▸ **WORK INSTRUCTION**
Restate exactly, and only, the lines from the one with "اجاره منزل تکخواب در خیابان اندیشه - 70 متری" through the end of the data, with both of those end lines kept. Drop any pictures.

▸ **DATA BELOW**
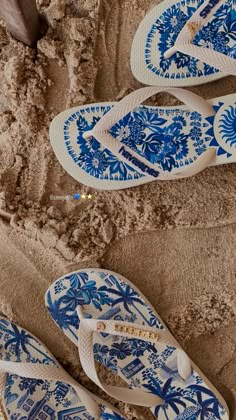 Havaianas Aesthetic, Custom Shoes Diy, Photos Tumblr, Aesthetic Shoes, Birthday Wishlist, Beach Time, Summer Dream, Diy Shoes, Dream Shoes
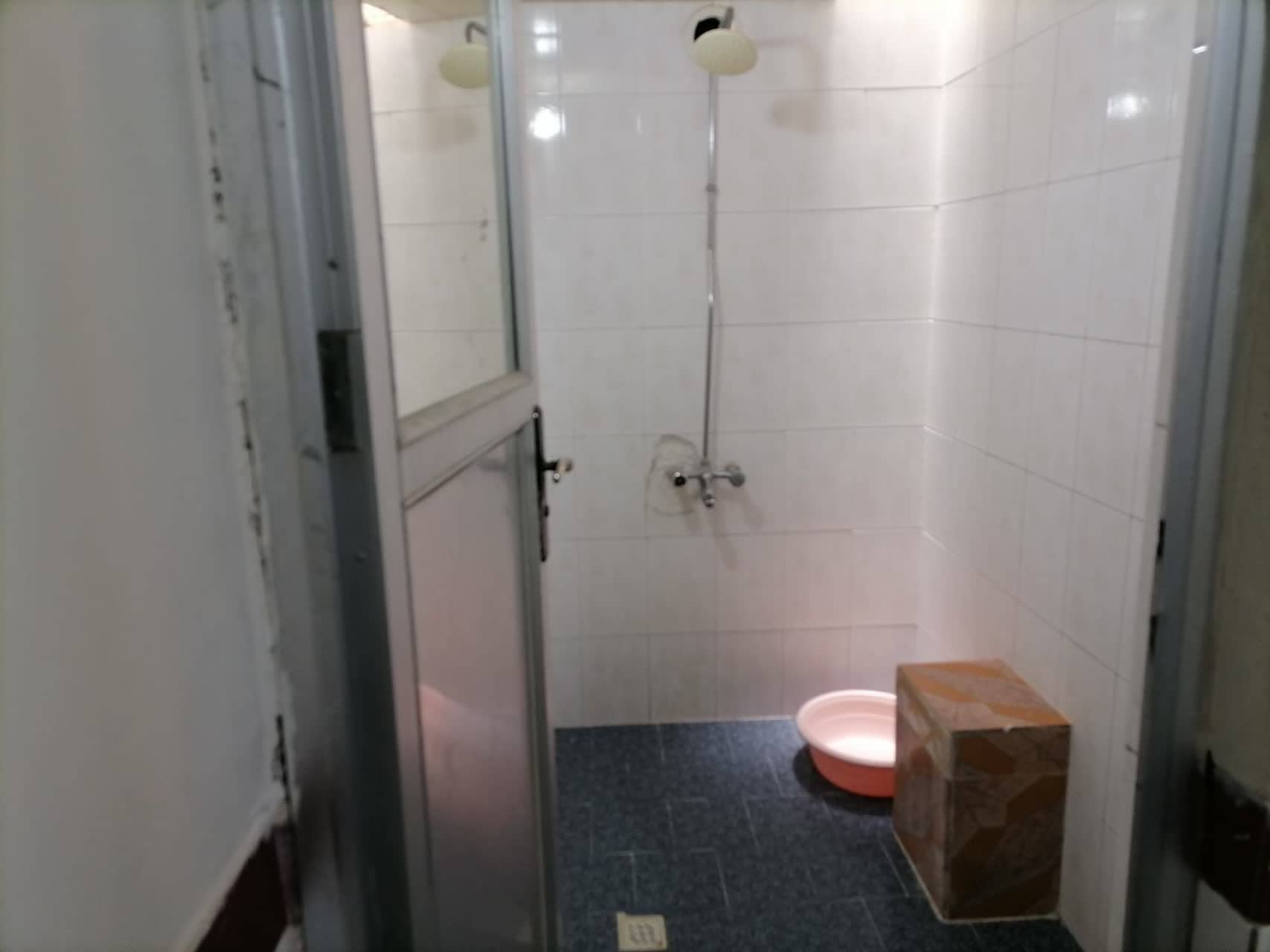 اجاره منزل تکخواب در خیابان اندیشه - 70 متری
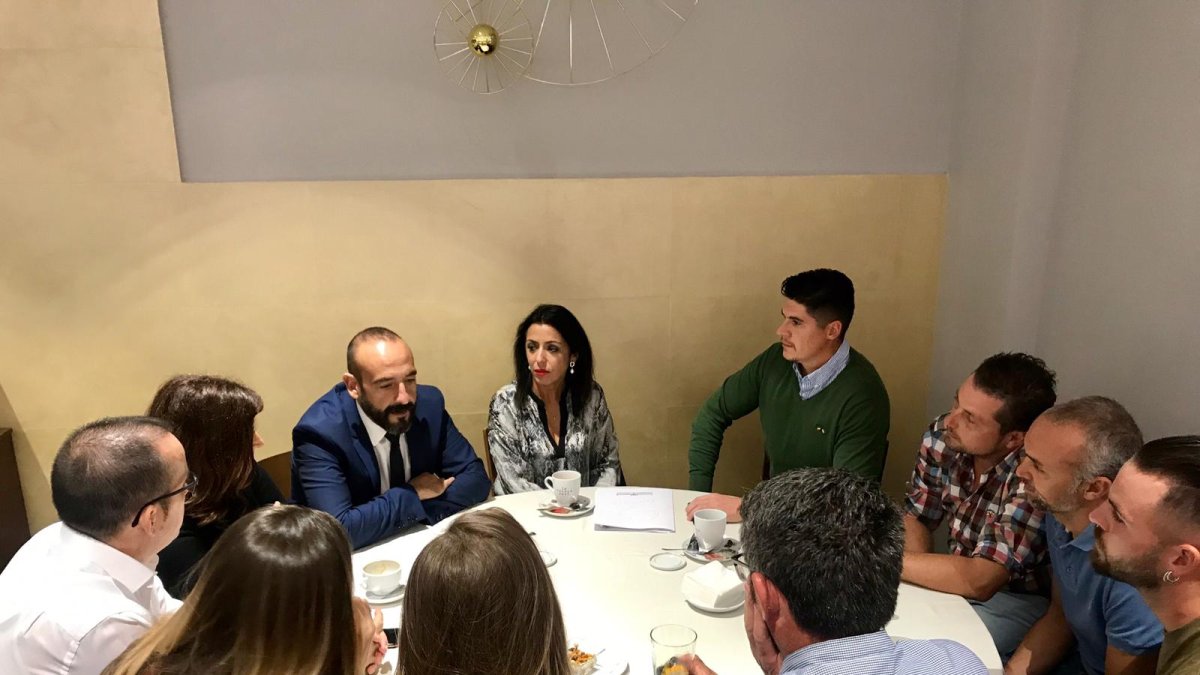 Reunión de Jordi Cañas, Marta Bosquet y Vicente García Egea con agricultores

▸ **REPLY TO THE TASK**
 اجاره منزل تکخواب در خیابان اندیشه - 70 متری
 Reunión de Jordi Cañas, Marta Bosquet y Vicente García Egea con agricultores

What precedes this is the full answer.